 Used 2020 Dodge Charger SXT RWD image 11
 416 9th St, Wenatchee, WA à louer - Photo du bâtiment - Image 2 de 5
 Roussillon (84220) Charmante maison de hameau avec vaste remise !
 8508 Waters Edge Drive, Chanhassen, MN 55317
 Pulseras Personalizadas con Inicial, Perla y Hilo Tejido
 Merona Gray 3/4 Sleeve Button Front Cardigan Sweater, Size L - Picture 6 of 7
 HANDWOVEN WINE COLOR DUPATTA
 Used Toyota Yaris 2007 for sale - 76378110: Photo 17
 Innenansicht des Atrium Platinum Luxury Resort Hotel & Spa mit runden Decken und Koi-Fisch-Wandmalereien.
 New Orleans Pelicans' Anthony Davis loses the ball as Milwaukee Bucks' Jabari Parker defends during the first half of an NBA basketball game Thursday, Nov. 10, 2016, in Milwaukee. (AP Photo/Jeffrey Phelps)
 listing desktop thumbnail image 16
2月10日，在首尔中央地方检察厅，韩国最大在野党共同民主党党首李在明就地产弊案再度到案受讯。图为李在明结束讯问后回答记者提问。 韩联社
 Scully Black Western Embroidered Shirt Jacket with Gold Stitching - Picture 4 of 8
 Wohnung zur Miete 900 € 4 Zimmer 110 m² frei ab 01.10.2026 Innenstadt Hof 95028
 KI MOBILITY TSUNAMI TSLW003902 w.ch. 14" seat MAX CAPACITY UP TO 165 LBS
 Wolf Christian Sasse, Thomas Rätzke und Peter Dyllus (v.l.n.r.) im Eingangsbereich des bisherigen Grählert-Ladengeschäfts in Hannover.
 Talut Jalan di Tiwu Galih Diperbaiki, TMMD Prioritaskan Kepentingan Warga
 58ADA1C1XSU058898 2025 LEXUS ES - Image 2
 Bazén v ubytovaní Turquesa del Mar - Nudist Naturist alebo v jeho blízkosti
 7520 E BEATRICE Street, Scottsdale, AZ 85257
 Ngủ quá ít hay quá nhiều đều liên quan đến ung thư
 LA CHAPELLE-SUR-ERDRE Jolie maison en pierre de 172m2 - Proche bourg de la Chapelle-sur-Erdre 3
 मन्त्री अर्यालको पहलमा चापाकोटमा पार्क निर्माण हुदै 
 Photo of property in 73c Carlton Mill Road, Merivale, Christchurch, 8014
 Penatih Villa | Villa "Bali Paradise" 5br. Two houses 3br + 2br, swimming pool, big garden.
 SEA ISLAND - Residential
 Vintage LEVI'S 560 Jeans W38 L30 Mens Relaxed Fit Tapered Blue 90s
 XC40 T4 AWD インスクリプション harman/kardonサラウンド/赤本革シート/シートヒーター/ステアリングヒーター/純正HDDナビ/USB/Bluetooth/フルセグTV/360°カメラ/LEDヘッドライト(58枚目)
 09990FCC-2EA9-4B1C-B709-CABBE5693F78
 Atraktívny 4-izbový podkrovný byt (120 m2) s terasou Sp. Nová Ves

——

Filter the material for the word "Picture" and copy each matching line.

■ **Task solution**
 Merona Gray 3/4 Sleeve Button Front Cardigan Sweater, Size L - Picture 6 of 7
 Scully Black Western Embroidered Shirt Jacket with Gold Stitching - Picture 4 of 8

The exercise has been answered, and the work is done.